During the 1930s, Mills submitted plans for a new 4-8-2 locomotive class to assist in Western Australia's failing railway system. They would become the WAGR S Class, the only locomotive to be completely conceived, designed and built at the Midland Railway Workshops. Despite his insistence that their construction constituted essential war work, production of the S Class was postponed, and it wasn't until 1943 that the first three of an eventual total of ten were placed into service. The S class was to prove one of the more controversial of Western Australia's locomotives; suffering from a variety of early problems due to Mills' implementation of some bold new ideas. However, despite numerous complaints from various railway unions they eventually became solid performers.

Mills was just as well-educated in engineering theory as railway locomotive design practice. In 1939 he relieved the Associate Professor of Mechanical Engineering at the University of Western Australia. He was a Member of the Institution of Engineers Australia, the North East Coast Institution of Engineers & Shipbuilders, the American Society of Mechanical Engineers and the Institution of Locomotive Engineers. As a graduate of the second of those worthy bodies, Mills won special prizes for his papers on locomotive boilers and steam locomotive design and construction. He published in the engineering press several articles on locomotive and rollingstock design and read papers before the Institution of Engineers.

Also in 1939, the James F Lincoln Arc Welding Foundation of the United States conducted a worldwide competition for papers on new applications of electric welding. Mills won the £1,000 first prize in the Railway Locomotive section for his design of a welded engine frame. In 1940 he was appointed Chief Mechanical Engineer.

During World War II the WAGR, like other Australian railway systems, was facing severe economic crisis. The problems in Western Australia, however, were exaggerated by a succession of State Governments having provided little for the railways, meaning that they had not yet recovered from the effects of the Great Depression. Approximately half of the WAGR's locomotive fleet dated back before the turn of the century, and by 1943 a quarter were out of service pending overhaul.

==Wartime service with the Commonwealth Land Transport Board==

In 1942, Mills was seconded to the Federal Government to lead a team tasked with providing a design for a new standard-class narrow-gauge locomotive; the result being the Australian Standard Garratt of which 25 were used by the WAGR from a total of 57 locomotives built. The class were all withdrawn within fifteen years.

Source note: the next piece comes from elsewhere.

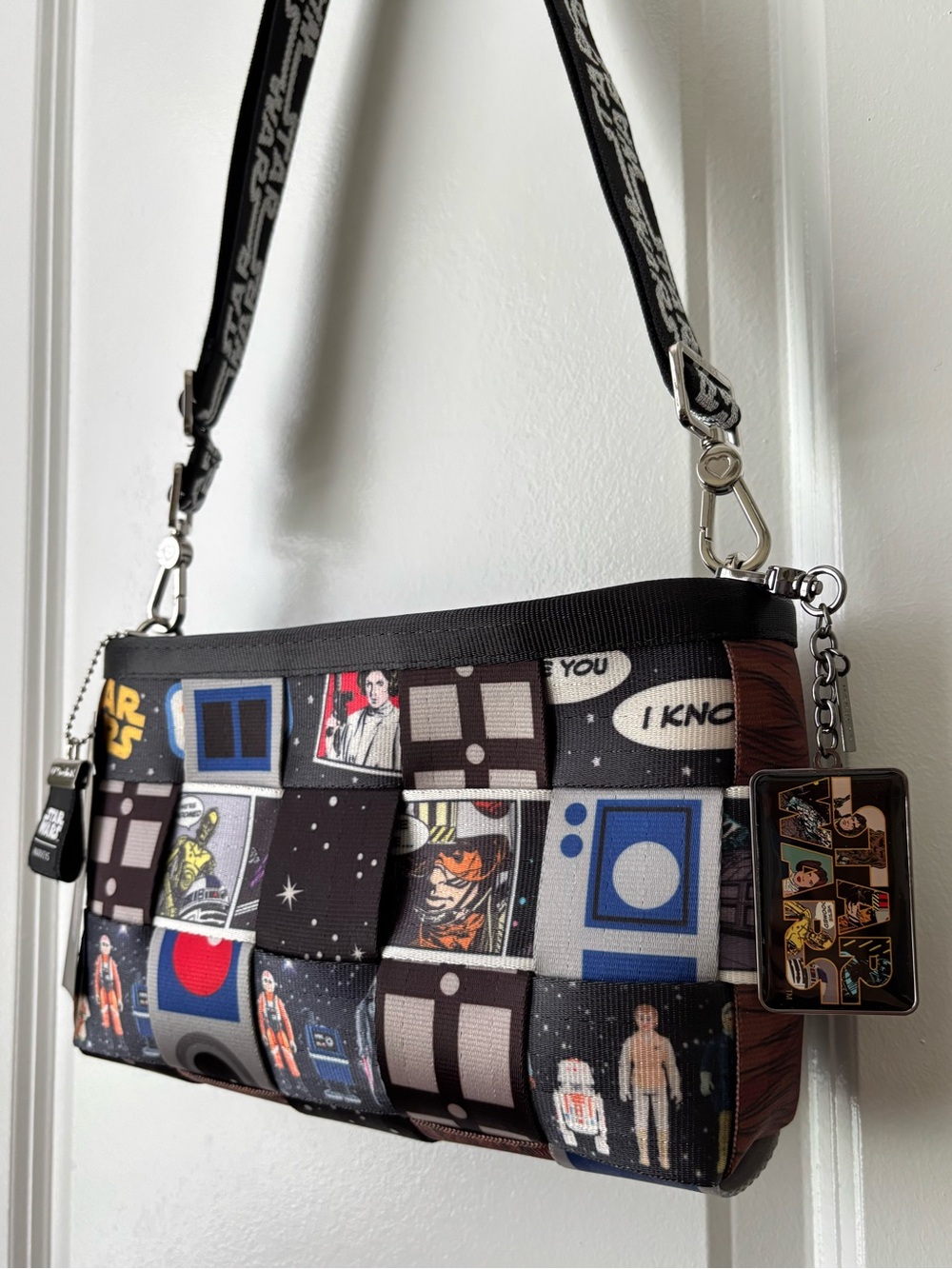 Harveys Star Wars Patchwork Convertible Clutch Crossbody Disney Leia R2D2 Obiwan - Picture 6 of 13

The War in the Pacific had turned Australia into a military base, with no state more affected than Queensland due to its strategic location vis á vis the Pacific theatre. The Australian and American military machines required of the Queensland Railways (QR) a logistical task that they were hard-pressed to accommodate; in fact a worse situation could scarcely be imagined. When the military forces needed machinery, people, and supplies moved in vast quantities as a matter of priority they had at their disposal the modest infrastructure of QR; light-weight track and structures, a tortuous geographic profile, unpretentious locomotives with low axle-loads, and train lengths limited by these factors. Added to that was the proportion of current QR motive-power that was rotating through overhaul and repair. Against this background, the requirement for extra, effective motive-power in Queensland (and to a slightly lesser-extent, the rest of the nation) was identified as a critical requirement.

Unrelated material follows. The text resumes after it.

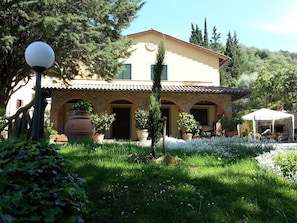 Exterior - Villa in a hilly area surrounded by greenery with swimming pool and breathtaking views (cortona)
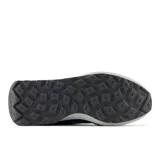 Championes New Balance modelo 370, unisex, color azul con detalles en blanco y gris.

Mills was an eminent locomotive engineer and had considerable experience in locomotive design but he lacked one quality that was to increase the friction that was later to develop between his new employer (the Commonwealth Ministry of Munitions) and QR in the design and introduction of the ASG. Mills was not overly-tolerant or possessed of an excess of humility; in fact he was arrogant, authoritarian and obstinate. Given the hostility that later developed between QR and those in wartime control of the nation’s railways over the design and introduction of the ASG, the personalities of Mills and Victorian Railways' Commissioner Harold Clapp were to have significance in some absurd circumstances that were to follow.

George Lawson, Federal Minister for Transport in 1942, was responsible for the administration of the National Security Act (1942) and Regulations. These gave the Commonwealth full power and authority to control rail and road transport and do all things necessary to give effect to the regulations. This included provision for setting up the Commonwealth Land Transport Board (CLTB) which was charged with giving effect to the regulations and directing what rail and road transport services should be maintained and the terms and conditions of operation. The CLTB was also responsible for the acquisition, by purchase or manufacture, of any required vehicles and accessories and to operate and use them and determine routes and priorities of transport.

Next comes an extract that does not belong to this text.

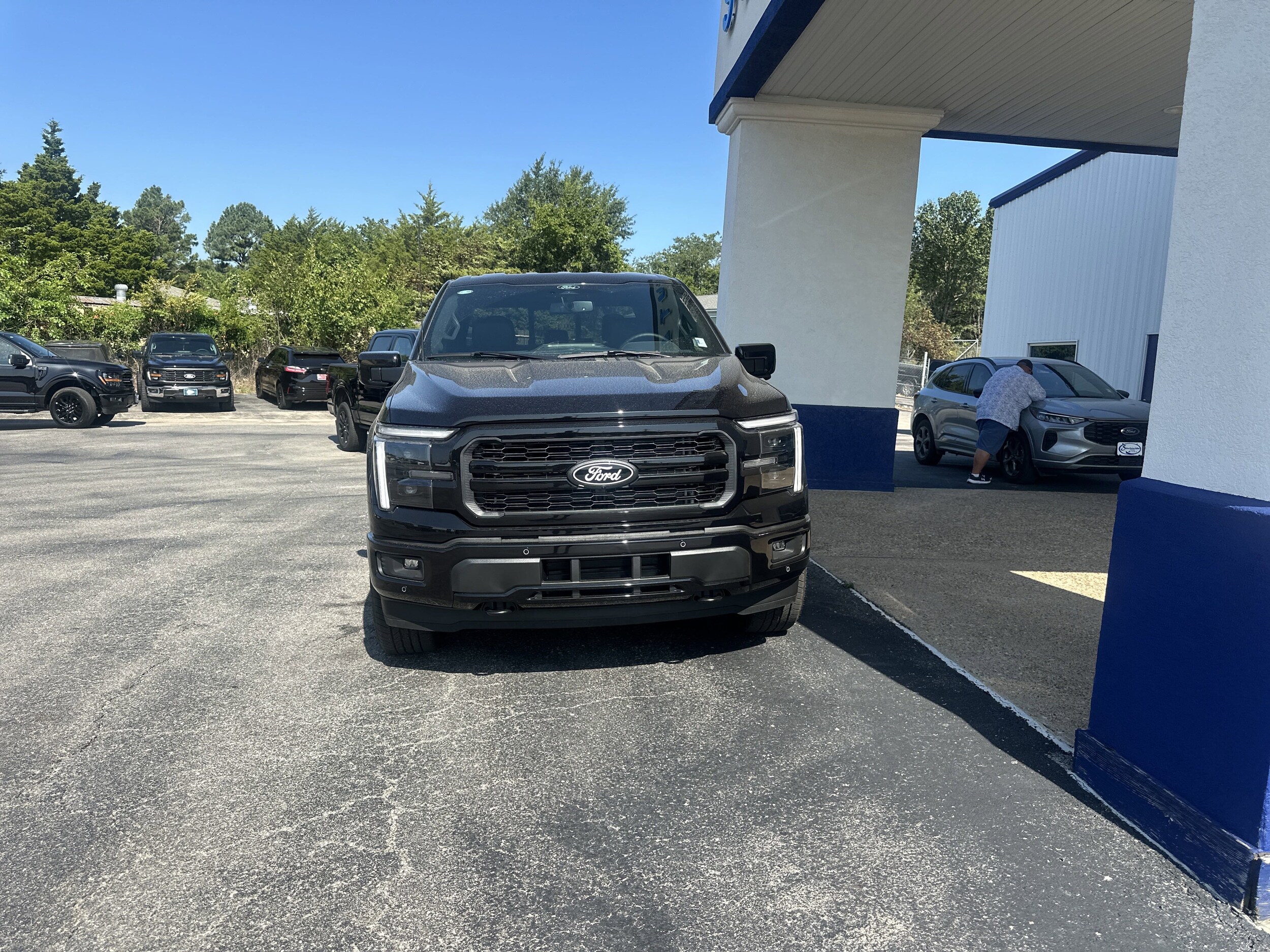 2025 Ford F-150 Lariat photo 3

The eminence of Victorian Railway's Commissioner Harold Winthrop Clapp as a railway manager resulted in his appointment by Lawson as the Director-General of the CLTB. In this position Clapp was empowered to authorise and direct all CLTB activity.

In April 1942, Joseph Ellis Commissioner of Railways for Western Australia since 1934 and being now — as Director of Locomotive and Rollingstock Construction in the Commonwealth Ministry of Munitions — a member of the CLTB, was requested by the War Railway Committee to examine Australia’s 3' 6"-gauge railway systems (but most specifically that of Queensland) as to the practicability of using Garratt-type locomotives, and advise the CLTB. The War Railway Committee was composed of the Director-General of Land Transport, the Commissioners of the State and Commonwealth railway systems, the Director of Rail Transport, a nominee of the Minister for Army, and two rail union representatives.

Ellis was an appropriate appointee. He had been an engineer for the Queensland Railways from 1910 to 1926, and the WAGR had used Garratt locomotives for some 30 years (the M class, originally ordered in 1911, being the first main-line Garratts ever built). His secret report — to a singular Term of Reference — would be used to justify the acquisition of what would become known as the Australian Standard Garratt, to alleviate a wartime motive-power deficit most critically being felt in Queensland.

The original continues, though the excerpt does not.